【プレイバック’15】実は30人が亡くなっていた!? 群馬大病院医療事故〝問題医師〟を直撃した!
外部調査委員会は病院の責任も指摘
’15年8月に外部メンバーによる調査委員会が発足、その調査によって、X医師が群馬大病院に着任した’07年から’14年の間に他にも12人の死亡例があったことが明らかになり、死亡者は計30人となった。また、同委員会が’16年7月に出した報告書では、X医師の問題については病院のガバナンスに原因があったと結論付けた。
医療事故の原因については、それまではX医師の個人的な資質について取り沙汰されることが多かったが、群馬大病院の構造的な問題が指摘されたのだ。
同病院は全国の大学病院でも珍しい、同一病院に異なる外科が存在するシステムだった。前身の前橋医学専門学校時代からあった第一外科にくわえて、1954年に分派する形で第二外科(臓器病態外科学分野)が開設された。以降、2つの外科は同じ病院内で対立してきた。この問題については『FRIDAY』’15年3月27日号でも指摘しており、取材に対してある群馬大医学部OBは次のように証言している。
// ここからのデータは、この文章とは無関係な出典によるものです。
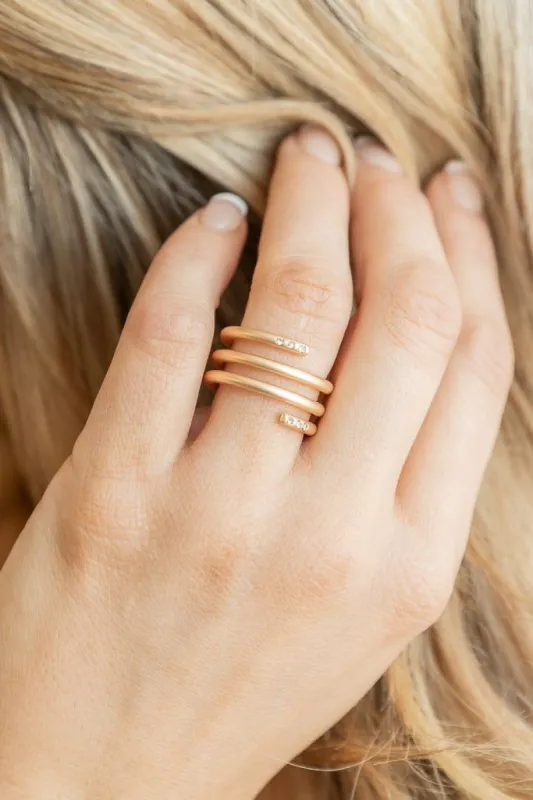 Rewind The Tape Gold Ring sold by Pink Lily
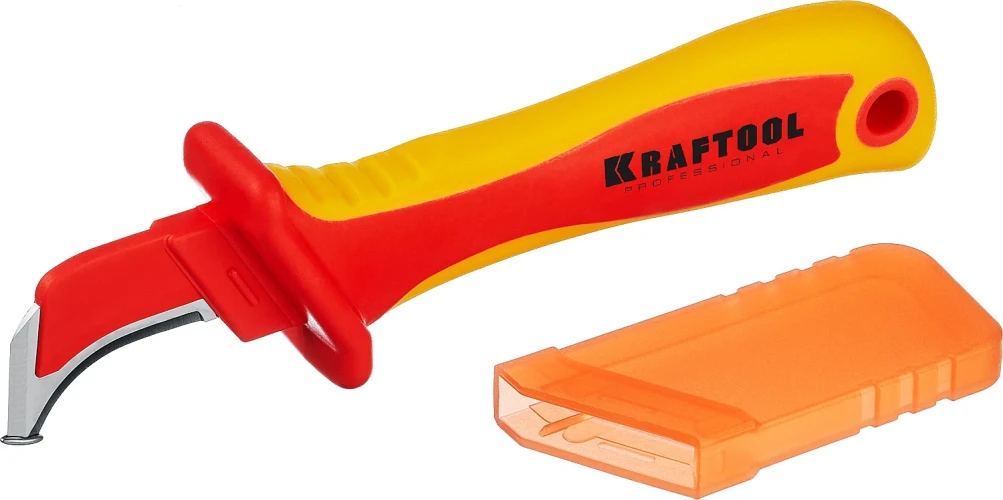 Диэлектрический нож электрика, 1000 В, изогнутый, KRAFTOOL KN-7 45400 — фото 1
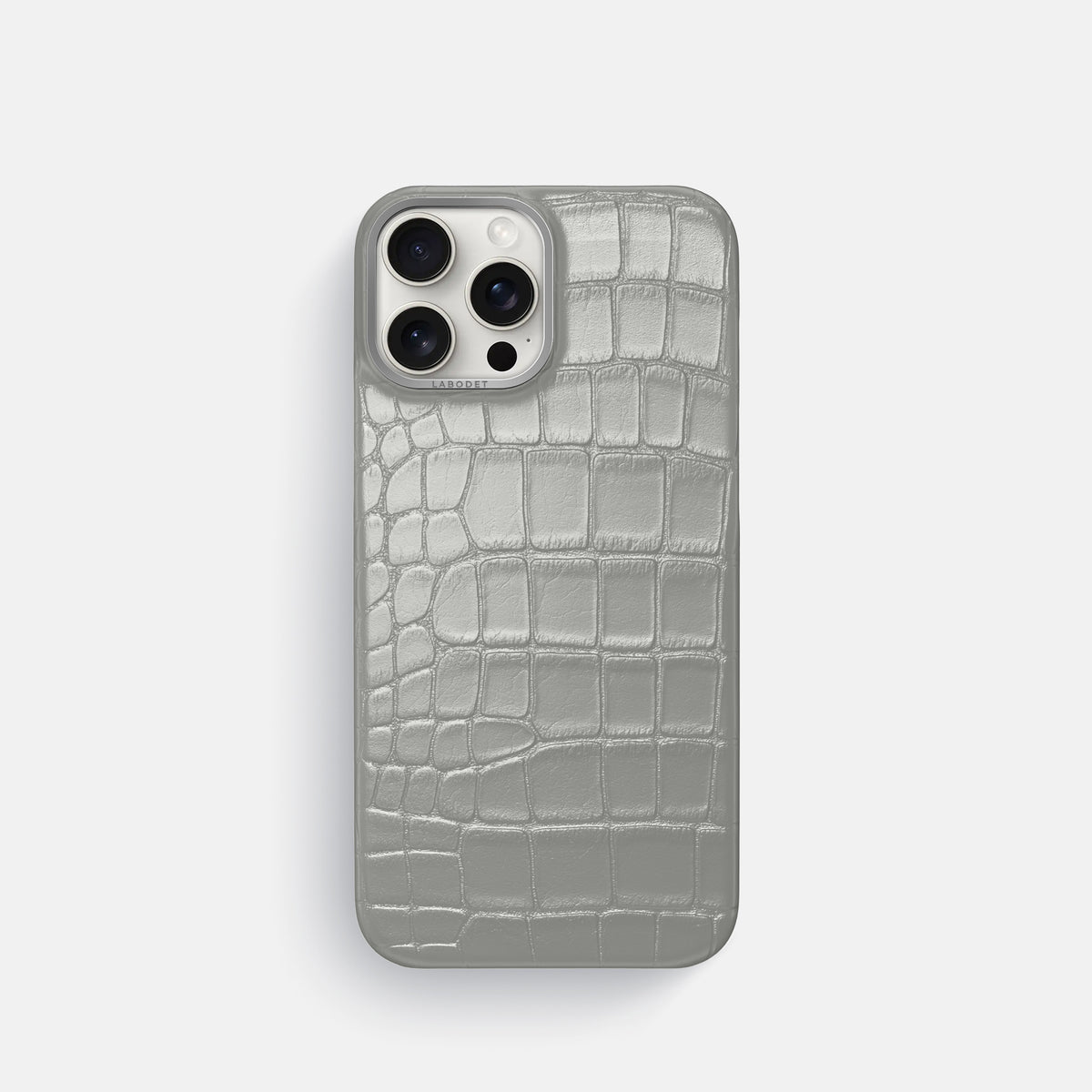 Pearlized-White iPhone 16 Pro Classic Case Alligator with Steel Metal -1 | Pearlized-White-Steel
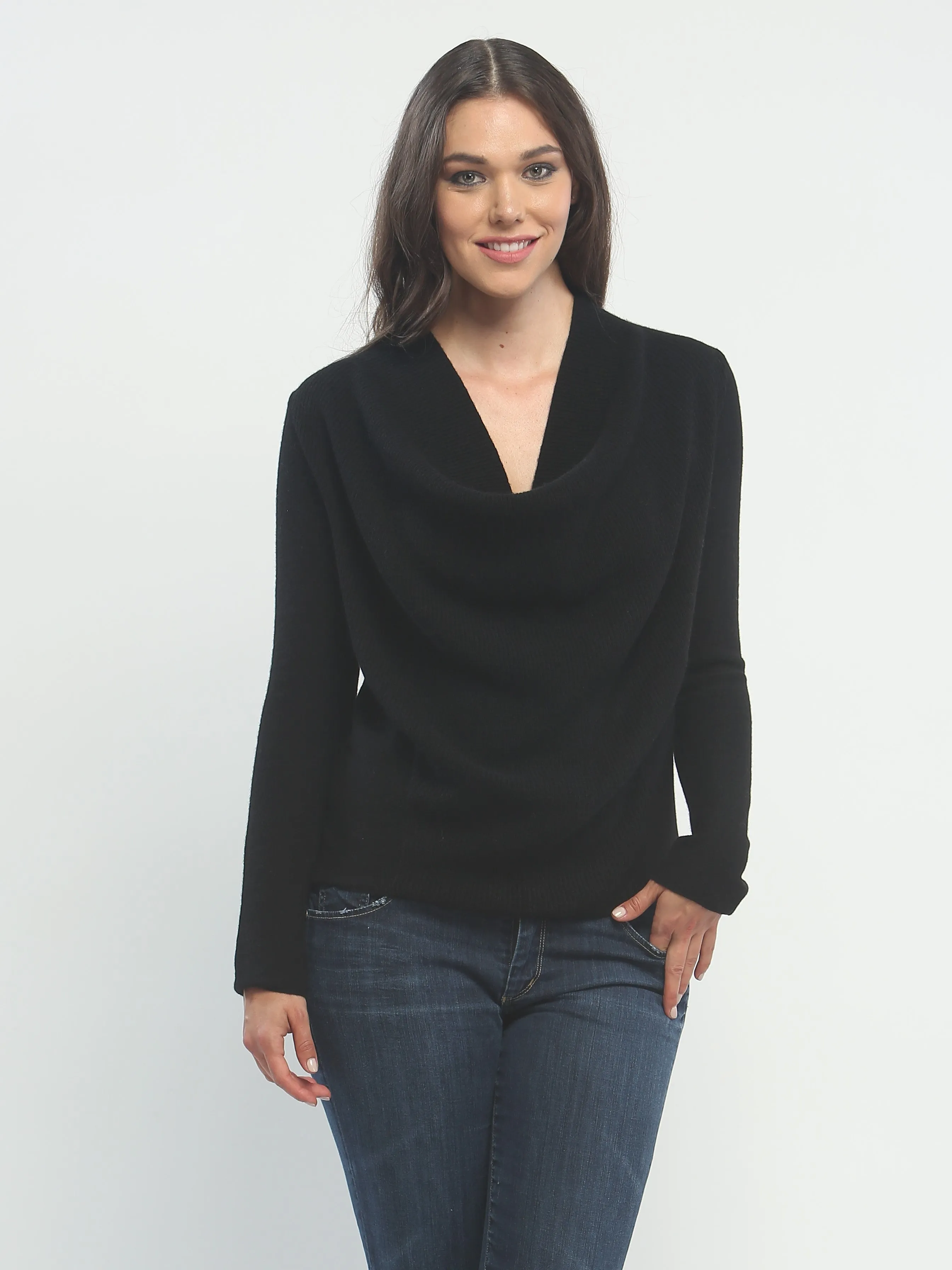 Ribbed Cowl Neck Pullover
《「手術数や珍しい症例での競い合いは日常茶飯事です。歴史のある第一に比べ、第二はベンチャー企業というイメージ。それだけに、第二の医師には『一発当てて大出世を狙う』と言う者もいた。『群大は最先端』と誇っていた腹腔鏡手術なども、そんな空気の中で乱発されたように感じられます。会見で陳謝していた野島美久(よしひさ)病院長はじめ上層部も、第一と第二の患者不在の張り合いは承知していましたが、一部の有志が改善を訴えても、黙殺されるばかりだったそうです」》
’18年8月、遺族会との間で和解が成立し、病院側はあらためて体制の不備と医療ミスを謝罪した。和解に際して病院側は再発防止策を遺族会との「約束条項」に盛り込むことも約束した。X医師は’16年の外部調査委員会の報告書を受けて大学側から懲戒解雇相当(’15年3月で自主退職していたため)となっている。
その後の群馬大病院は地道に自主改革への道を歩んできたようだ。第一、第二外科の統合もそうだが、とくに画期的なのが患者へのカルテの開示だという。一般の病院でもカルテを見ることができるが、申請が必要で閲覧できるのは治療が終わって一定期間経った後、という例が多い。だが、群馬大の場合は患者が希望すれば、自分の電子カルテにアクセスできてリアルタイムで閲覧できる。これは国内の病院ではほとんどないそうだ。
だが、この先進的な制度が実現した陰には、多くの患者が理不尽に命を落とすことになったこの事故の存在があったことを忘れてはならないだろう。群馬大病院の敷地内には『誓いの碑』が建てられ、毎年9月の医療安全週間には関係者らが集まって手を合わせているという。